Depuis mon arrivée à la retraite professionnelle – le 1er aout 2014 - je me suis engagé (à Vernon, Eure) dans l’ADEM (Association D’Entraide aux Migrants), une association issue du Secours Catholique. Nous sommes une équipe de cinq personnes et nous accueillons tous types de Migrants en souffrance pour leurs droits sociaux ou pour leur titre de séjour lors de permanences publiques deux matinées par mois (1).

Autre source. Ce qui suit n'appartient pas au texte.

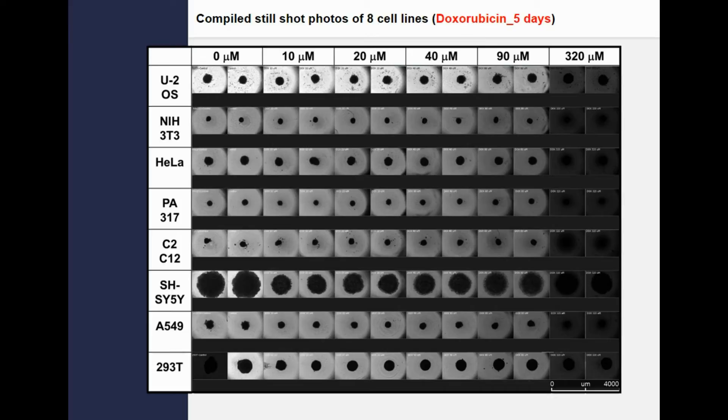From here, 5 cell lines — embryonic kidney cells, neuroblastoma, adenocarcinoma, alveolar basal epithelial, cervical cancer, and osteosarcoma — were selected for further study in the anti-proliferation assay and their growth. The observable effects of doxorubicin on multiple spheroid cell lines were evaluated by real-time video recording and compared with ATP production and diameter size. ATP production, diameter size, and the concentration of doxorubicin correlated well.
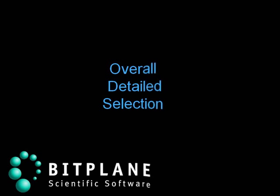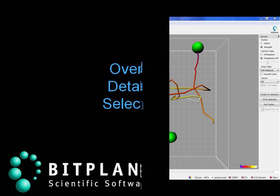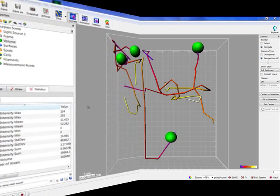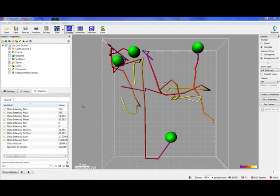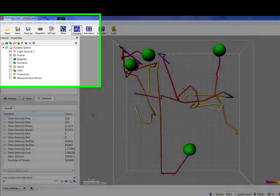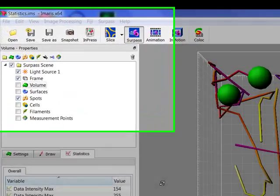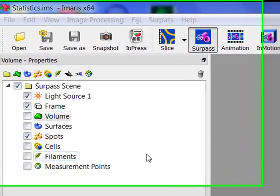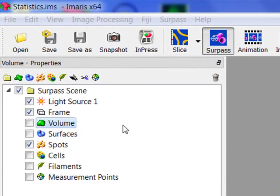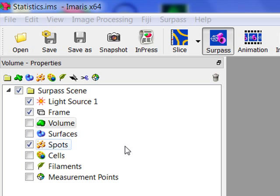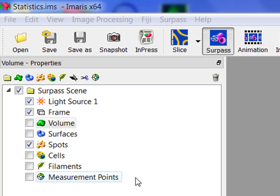The statistical values enable us to understand and compare different datasets through summarized numerical values. All the objects you create in IMARIS – volume, surfaces, spots, cells, filaments, and measurement point – have their own statistical values calculated.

Ce sont plus de 30 familles que nous recevons chaque mois et parmi elles de nombreuses jeunes femmes Africaines avec des enfants – ou même des bébés – qui se retrouvent à la rue parce que « déboutées du droit d’asile », elles doivent obligatoirement libérer les places où elles étaient hébergées en Centre d’Accueil de Demandeurs d’Asile un mois après s’être vues notifié leur rejet de leur demande de statut de réfugiée auprès de la Cour Nationale du Droit d’Asile.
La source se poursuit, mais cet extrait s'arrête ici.